In-ice Radio Signatures of Cosmic Ray Particle Cascades
Simon Chiche, Simona Toscano, Krijn D. de Vries
TL;DR
This work uses the FAERIE Monte-Carlo framework to comprehensively characterize in-ice radio signatures from cosmic-ray-induced particle cascades, including both in-air and in-ice emissions. It demonstrates that in-ice emission dominates for vertical showers while in-air emission dominates for inclined showers, and it reveals contrasting frequency content ($<100$ MHz in air vs. $\sim$400 MHz in ice) and polarization patterns (geometric/azimuthal in air versus radial in ice). The study provides scaling laws linking radiation energy to primary energy and ground-part energy, exposes the presence of potentially distinctive double-pulse signatures, and discusses observational strategies for cosmic-ray identification and neutrino discrimination in future in-ice detectors.
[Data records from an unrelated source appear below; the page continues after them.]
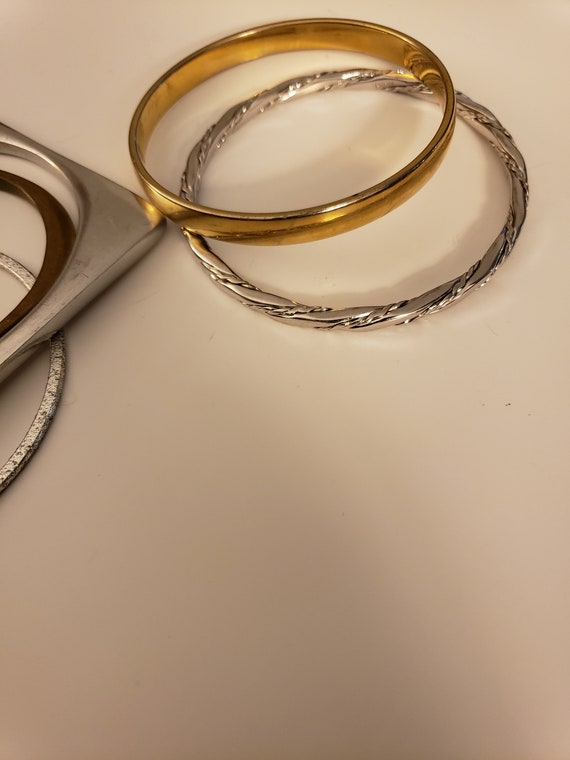 Five bangle bracelets - image 1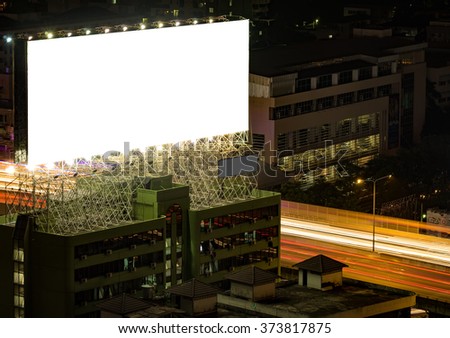 blank billboard in the night time for advertisement. long exposure makes long street light tails.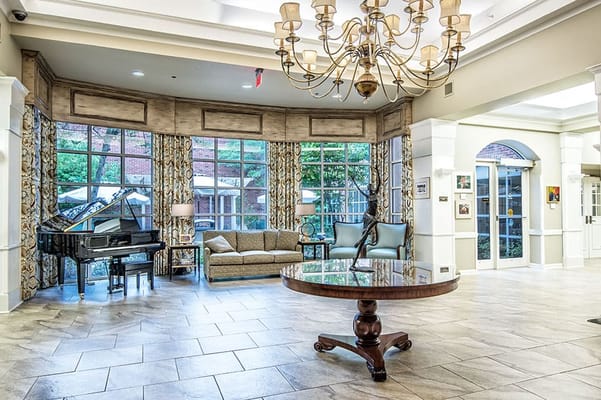 Bright interior common area with a piano and seating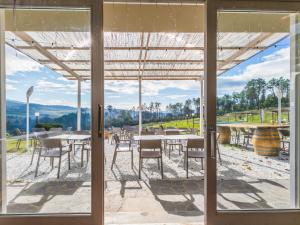 a view from the glass door of a patio with tables and chairs at Holiday Home Casa di Palaia by Interhome in Greve in Chianti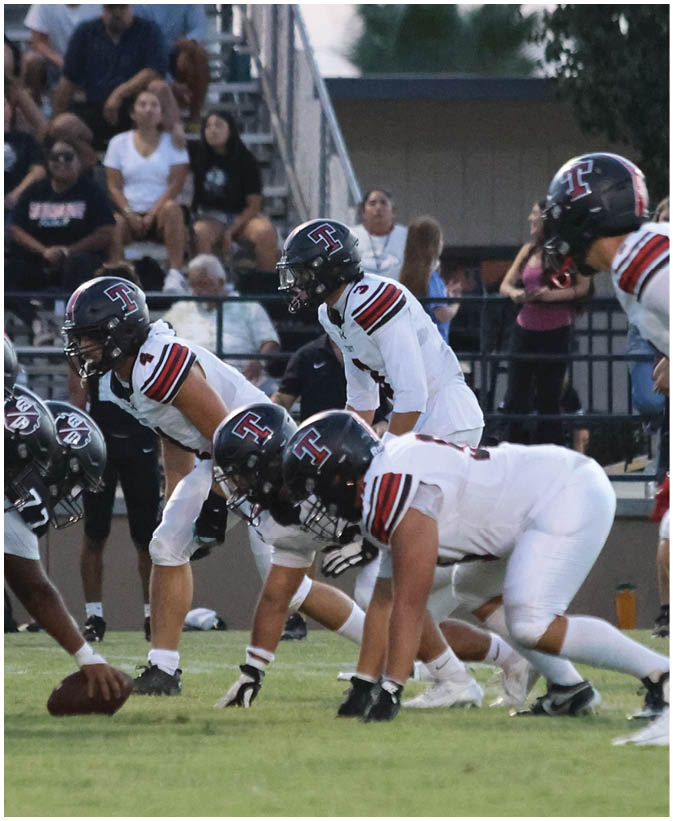 A group of football players on a field. Description generated by AI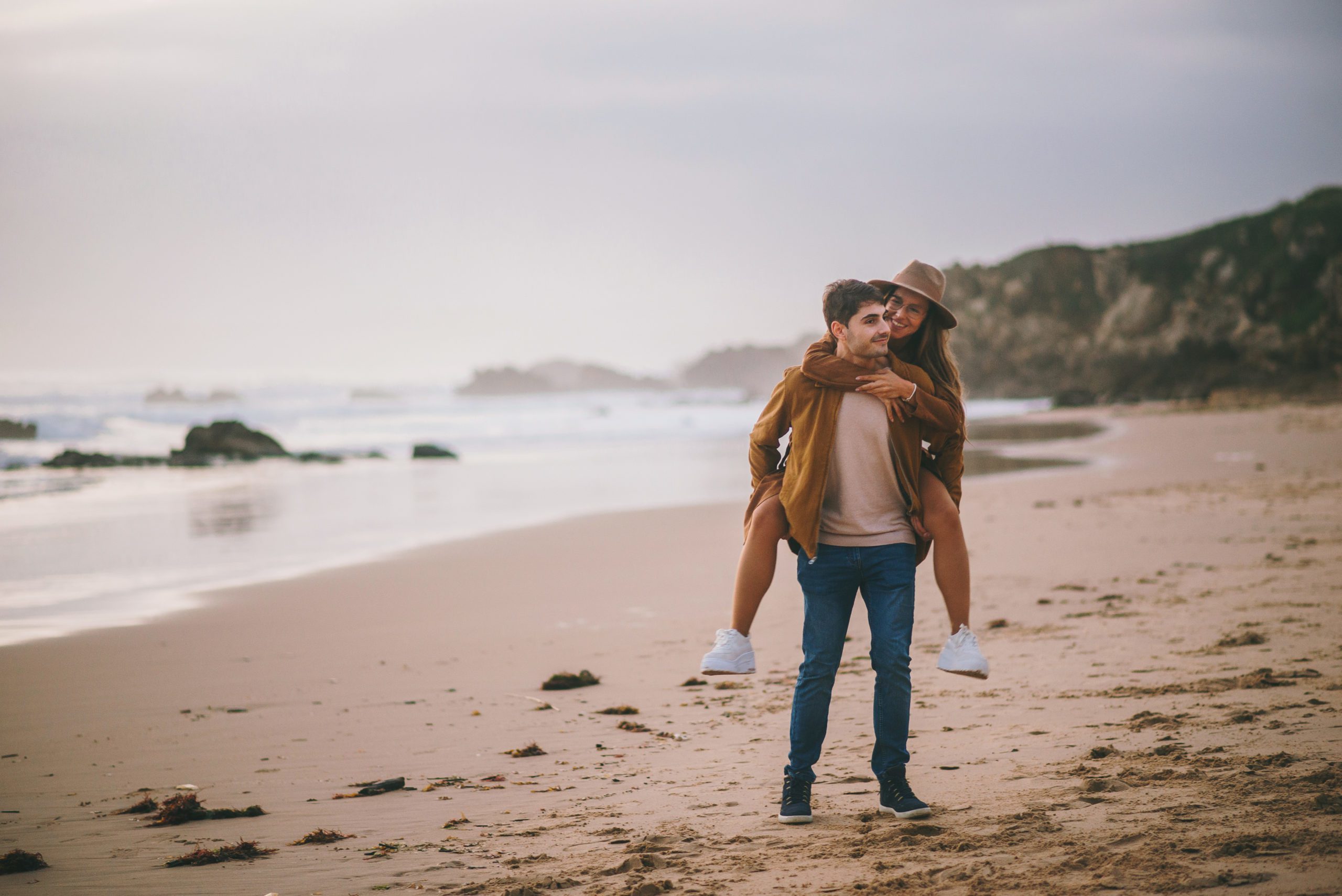 Young couple walking piggyback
Collectively, these results supply practical guidelines for event identification, background rejection, and data-driven template generation in large-scale in-ice radio experiments such as RNO-G and IceCube-Gen2 radio.
Abstract
To detect ultra-high-energy neutrinos, experiments such as the Askaryan Radio Array and the Radio Neutrino Observatory in Greenland target the radio emission induced by these particles as they cascade in the ice, using deep in-ice antennas at the South Pole or in Greenland. A crucial step toward this goal is the characterization of the in-ice radio emission from cosmic-ray-induced particle showers. These showers form a primary background for neutrino searches, but can also be used to validate the detection principle and provide calibration signals for in-ice radio detectors. In this work, we use the Monte-Carlo framework FAERIE to perform the first characterization of cosmic ray signals with simulations that incorporate both their in-air and in-ice emissions. We investigate cosmic ray signatures such as their radiation energy, timing, polarization and frequency spectrum and quantify how they depend on shower properties. These results provide key guidelines for cosmic-ray identification and cosmic-ray neutrino discrimination in future in-ice radio experiments.